So, a lot of my songs I write now, I’d rather be seen as a singer-songwriter. Because you’re an Aboriginal person, people think that you must have a statement or an opinion on everything. I think that slowly they’re starting to see the music as being just good music. (Quoted in Coolwell 1993, p. 140)

Here Roach implied that he would rather have his songs considered “good music” than be singled out as “Indigenous”. This significant point, that Aboriginal and Torres Strait Islander people have both an individual and a group identity, carries a reminder that educators must guard against essentializing their perspectives.

Aboriginal rock singer Dan Sultan echoed Roach’s sentiment two decades later and even wrote a song about it: “No More Explanations” from his 2014 album, Blackbird (Sultan 2014). “As Aboriginal artists”, Sultan explained, “we find it hard to just be allowed to be artists” (Watt n.d., n.p.). He is grateful to those popular musicians who came before, since their accomplishments allowed him to explore other topics in his song writing:

It used to be that you had to sing about land rights, you had to sing about children being taken away, which I’ve done […] but thanks to No Fixed Address and uncle Archie [Roach] I can just be in a rock‘n’roll band. I don’t have to be a martyr.’ (Mathieson 2014, n.p.)

Indeed, the lyrical content in much of the music by contemporary Aboriginal and Torres Strait Islander musicians such as Sultan, Jessica Mauboy, Busby Marou and Thelma Plum addresses themes common in global pop and rock music.

The 2017 song “In Between” by the Aboriginal duo, Apakatjah, from Central Australia was composed with the intention of maintaining Indigenous group solidarity through shared experience and perspectives, as illustrated by the middle “Indigenous” domain in Fig. 1. The lyrics of its first chorus contain the lines, “In a world that sees just black and white/What about me, where is it I fit in?” (Apakatjah 2017). The 2018 rap song “My People” by Aboriginal musician J-Milla (Jacob Nichaloff) opens with these lines: “People forget that I’m half white/But now, I’m speaking out for my black side” (J-Milla 2019). These songs – and others like them – pick up where rock band Coloured Stone’s 1984 hit “Black Boy” left off, with its message of pride in one’s cultural heritage (Coloured Stone 1997). They also thematically echo the mid-twentieth century country song “Outcast Halfcaste” recently revived by Emma Donovan and Jessie Lloyd (Mission Songs Project 2017). Like “Black Boy” and “Outcast Halfcaste”, “In Between” and “My People” primarily address Indigenous people who might identify with their lyrical exploration of Indigenous identity and belonging.
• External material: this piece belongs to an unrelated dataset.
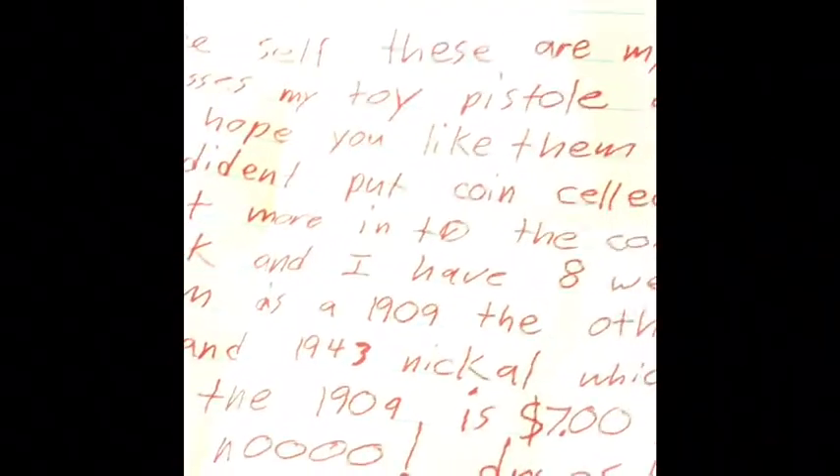Oh my gosh, I ripped it. I just got a bunch of marbles left. 'Hello future self, these are my marbles and party glasses, my toy pistol and lucky necklaces. I hope you like them, future self.' But I didn't put coin collection because I put more into the coin collection every week, and I have eight rare pennies.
At the most specific level is music created by and for a Local Mob,Footnote 7 which may or may not be restricted in audience terms to members of that community. In parts of the country where Aboriginal “land-based cosmologies have survived down to the present day”, the related singing practices that form part of an “unbroken tradition” may be specifically intended for a very particular local audience (Wafer 2017, p. 5). Still, one Aboriginal traveling song known by various names including “Wanji Wanji” was performed throughout the last century across half of the continent (Turpin et al. 2019).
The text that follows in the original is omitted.